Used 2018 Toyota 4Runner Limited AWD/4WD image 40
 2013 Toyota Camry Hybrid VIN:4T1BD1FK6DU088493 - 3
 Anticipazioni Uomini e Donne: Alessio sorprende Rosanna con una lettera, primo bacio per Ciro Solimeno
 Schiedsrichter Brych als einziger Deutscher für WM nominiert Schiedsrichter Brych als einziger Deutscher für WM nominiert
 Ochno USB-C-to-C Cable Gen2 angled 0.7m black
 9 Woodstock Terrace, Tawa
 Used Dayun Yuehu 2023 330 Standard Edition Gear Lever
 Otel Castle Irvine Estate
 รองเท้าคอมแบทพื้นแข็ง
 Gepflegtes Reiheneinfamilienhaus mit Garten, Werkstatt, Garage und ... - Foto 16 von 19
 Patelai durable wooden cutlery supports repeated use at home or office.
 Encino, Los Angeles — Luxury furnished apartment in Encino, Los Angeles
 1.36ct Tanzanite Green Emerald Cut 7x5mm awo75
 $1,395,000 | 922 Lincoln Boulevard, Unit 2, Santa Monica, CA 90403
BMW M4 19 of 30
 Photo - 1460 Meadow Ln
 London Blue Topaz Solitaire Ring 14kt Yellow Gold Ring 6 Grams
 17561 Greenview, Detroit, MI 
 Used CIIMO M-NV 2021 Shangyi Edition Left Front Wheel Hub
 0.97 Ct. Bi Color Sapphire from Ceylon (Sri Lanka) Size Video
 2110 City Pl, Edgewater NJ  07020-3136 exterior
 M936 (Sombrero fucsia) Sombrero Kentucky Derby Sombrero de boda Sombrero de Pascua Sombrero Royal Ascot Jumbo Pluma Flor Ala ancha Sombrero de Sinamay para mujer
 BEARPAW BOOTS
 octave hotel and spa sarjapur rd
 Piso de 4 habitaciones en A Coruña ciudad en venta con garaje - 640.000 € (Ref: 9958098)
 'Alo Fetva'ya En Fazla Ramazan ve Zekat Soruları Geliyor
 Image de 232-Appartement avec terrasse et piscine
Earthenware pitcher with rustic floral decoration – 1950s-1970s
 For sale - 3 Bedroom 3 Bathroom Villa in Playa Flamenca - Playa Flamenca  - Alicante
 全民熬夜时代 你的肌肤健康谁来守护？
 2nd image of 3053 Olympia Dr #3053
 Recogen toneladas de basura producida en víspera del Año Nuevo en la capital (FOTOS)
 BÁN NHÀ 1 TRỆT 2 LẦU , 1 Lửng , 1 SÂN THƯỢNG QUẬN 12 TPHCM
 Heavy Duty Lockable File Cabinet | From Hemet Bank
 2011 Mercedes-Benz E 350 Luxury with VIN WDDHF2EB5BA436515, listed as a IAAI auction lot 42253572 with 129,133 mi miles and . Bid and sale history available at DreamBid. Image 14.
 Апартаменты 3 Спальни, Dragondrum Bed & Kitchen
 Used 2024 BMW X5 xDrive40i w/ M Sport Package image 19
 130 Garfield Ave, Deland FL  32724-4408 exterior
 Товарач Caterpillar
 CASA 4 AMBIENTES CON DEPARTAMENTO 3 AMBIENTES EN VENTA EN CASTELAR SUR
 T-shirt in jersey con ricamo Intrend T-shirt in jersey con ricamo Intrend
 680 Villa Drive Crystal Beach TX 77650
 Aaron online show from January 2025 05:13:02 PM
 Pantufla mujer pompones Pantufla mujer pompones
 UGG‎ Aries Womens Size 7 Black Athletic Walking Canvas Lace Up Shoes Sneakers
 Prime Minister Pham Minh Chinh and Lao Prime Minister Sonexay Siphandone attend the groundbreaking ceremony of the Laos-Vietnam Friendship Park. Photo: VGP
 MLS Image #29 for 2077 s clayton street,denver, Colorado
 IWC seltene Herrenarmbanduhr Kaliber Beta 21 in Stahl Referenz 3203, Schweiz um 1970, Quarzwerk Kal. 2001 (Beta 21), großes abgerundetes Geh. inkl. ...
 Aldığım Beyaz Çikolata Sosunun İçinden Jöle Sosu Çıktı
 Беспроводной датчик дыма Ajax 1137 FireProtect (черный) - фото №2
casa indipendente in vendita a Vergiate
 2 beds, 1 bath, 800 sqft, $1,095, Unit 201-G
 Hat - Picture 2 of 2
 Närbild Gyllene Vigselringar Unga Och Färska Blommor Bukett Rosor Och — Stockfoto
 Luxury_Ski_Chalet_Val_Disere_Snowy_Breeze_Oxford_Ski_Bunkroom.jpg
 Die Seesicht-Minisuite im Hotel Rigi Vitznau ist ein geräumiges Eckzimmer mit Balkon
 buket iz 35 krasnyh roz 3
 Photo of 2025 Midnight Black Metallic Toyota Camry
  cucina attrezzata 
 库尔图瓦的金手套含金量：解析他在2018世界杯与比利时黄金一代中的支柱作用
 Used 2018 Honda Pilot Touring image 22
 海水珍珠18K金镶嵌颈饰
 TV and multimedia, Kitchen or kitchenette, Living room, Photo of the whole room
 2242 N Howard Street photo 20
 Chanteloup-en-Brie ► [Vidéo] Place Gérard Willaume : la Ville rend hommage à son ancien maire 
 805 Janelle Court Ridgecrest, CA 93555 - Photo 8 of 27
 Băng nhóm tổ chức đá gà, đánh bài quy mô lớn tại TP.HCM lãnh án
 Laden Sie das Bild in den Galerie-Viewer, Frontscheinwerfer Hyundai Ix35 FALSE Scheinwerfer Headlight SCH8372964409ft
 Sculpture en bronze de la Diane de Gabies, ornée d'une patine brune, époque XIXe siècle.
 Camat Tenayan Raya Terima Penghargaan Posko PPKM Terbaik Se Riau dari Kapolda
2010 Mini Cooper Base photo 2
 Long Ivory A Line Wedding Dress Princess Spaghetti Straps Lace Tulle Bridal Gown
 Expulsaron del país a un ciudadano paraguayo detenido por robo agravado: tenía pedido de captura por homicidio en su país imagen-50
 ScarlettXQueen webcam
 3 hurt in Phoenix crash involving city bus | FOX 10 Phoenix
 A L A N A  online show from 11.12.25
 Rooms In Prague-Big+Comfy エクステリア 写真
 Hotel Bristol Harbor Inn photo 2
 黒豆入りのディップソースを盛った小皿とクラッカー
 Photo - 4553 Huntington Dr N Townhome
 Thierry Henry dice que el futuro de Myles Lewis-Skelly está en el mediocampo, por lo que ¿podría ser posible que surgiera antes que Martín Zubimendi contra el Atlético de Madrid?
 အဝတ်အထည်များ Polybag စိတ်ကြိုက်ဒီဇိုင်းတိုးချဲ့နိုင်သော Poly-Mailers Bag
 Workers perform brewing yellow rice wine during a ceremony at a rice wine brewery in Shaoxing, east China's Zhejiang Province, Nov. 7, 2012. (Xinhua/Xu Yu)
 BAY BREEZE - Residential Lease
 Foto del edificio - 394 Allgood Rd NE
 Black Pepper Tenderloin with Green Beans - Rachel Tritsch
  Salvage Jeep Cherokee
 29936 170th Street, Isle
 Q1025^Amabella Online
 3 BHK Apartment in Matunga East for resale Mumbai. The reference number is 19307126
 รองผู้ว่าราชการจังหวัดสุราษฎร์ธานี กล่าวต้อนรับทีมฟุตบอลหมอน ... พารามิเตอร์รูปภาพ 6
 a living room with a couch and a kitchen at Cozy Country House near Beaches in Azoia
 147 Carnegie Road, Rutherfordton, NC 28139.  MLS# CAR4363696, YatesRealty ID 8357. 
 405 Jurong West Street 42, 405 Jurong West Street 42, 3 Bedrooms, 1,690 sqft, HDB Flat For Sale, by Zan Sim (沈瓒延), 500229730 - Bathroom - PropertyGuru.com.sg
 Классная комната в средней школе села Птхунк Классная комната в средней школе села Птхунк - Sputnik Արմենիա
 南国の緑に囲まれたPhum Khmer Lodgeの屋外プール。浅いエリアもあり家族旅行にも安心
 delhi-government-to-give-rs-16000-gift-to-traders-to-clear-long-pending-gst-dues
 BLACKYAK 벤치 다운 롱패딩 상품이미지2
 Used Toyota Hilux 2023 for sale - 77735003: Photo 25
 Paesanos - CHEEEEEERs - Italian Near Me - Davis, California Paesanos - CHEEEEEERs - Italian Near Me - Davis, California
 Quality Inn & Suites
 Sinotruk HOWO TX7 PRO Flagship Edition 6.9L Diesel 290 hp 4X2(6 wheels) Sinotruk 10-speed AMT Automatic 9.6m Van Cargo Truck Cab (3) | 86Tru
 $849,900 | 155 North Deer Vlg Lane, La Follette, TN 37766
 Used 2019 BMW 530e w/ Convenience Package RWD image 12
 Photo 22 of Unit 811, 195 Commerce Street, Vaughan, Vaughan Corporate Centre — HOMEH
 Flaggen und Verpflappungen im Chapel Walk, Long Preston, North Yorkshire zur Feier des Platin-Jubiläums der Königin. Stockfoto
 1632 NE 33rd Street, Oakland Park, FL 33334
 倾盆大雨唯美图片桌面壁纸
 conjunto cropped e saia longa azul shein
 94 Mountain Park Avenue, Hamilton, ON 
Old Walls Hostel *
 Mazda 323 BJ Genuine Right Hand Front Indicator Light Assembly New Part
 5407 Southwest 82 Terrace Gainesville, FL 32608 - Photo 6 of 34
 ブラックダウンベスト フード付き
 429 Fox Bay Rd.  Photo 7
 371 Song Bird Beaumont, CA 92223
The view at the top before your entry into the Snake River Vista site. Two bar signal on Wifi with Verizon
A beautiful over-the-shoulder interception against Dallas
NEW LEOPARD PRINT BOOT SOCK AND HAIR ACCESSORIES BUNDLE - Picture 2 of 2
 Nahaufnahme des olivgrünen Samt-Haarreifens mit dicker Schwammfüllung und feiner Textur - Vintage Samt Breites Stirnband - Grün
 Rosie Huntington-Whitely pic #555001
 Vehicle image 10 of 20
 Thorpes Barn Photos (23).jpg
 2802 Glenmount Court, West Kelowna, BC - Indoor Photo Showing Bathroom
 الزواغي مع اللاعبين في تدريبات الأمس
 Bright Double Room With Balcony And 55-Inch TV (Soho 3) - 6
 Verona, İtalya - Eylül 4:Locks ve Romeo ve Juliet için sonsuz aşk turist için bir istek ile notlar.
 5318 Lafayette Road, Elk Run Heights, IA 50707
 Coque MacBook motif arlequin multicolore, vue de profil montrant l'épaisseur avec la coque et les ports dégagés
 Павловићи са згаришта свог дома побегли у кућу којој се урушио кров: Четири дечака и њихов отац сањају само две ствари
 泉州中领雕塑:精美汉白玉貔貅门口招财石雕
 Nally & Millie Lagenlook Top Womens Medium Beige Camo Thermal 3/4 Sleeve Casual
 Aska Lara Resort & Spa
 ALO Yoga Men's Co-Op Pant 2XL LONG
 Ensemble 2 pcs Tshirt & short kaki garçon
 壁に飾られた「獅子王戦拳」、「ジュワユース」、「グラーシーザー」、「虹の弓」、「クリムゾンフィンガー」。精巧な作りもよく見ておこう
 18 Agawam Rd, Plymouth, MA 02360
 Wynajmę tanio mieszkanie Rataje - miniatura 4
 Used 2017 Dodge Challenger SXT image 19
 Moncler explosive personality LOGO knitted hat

--------------------------------------------------

• _Work instruction_
For this exercise, output exactly the lines above from the line with "Black Pepper Tenderloin" to the line with "รองผู้ว่าราชการจังหวัดสุราษฎร์ธานี กล่าวต้อนรับทีมฟุตบอลหมอน ...", counting both, and leave out the rest.

• _Answer for this exercise_
 Black Pepper Tenderloin with Green Beans - Rachel Tritsch
  Salvage Jeep Cherokee
 29936 170th Street, Isle
 Q1025^Amabella Online
 3 BHK Apartment in Matunga East for resale Mumbai. The reference number is 19307126
 รองผู้ว่าราชการจังหวัดสุราษฎร์ธานี กล่าวต้อนรับทีมฟุตบอลหมอน ... พารามิเตอร์รูปภาพ 6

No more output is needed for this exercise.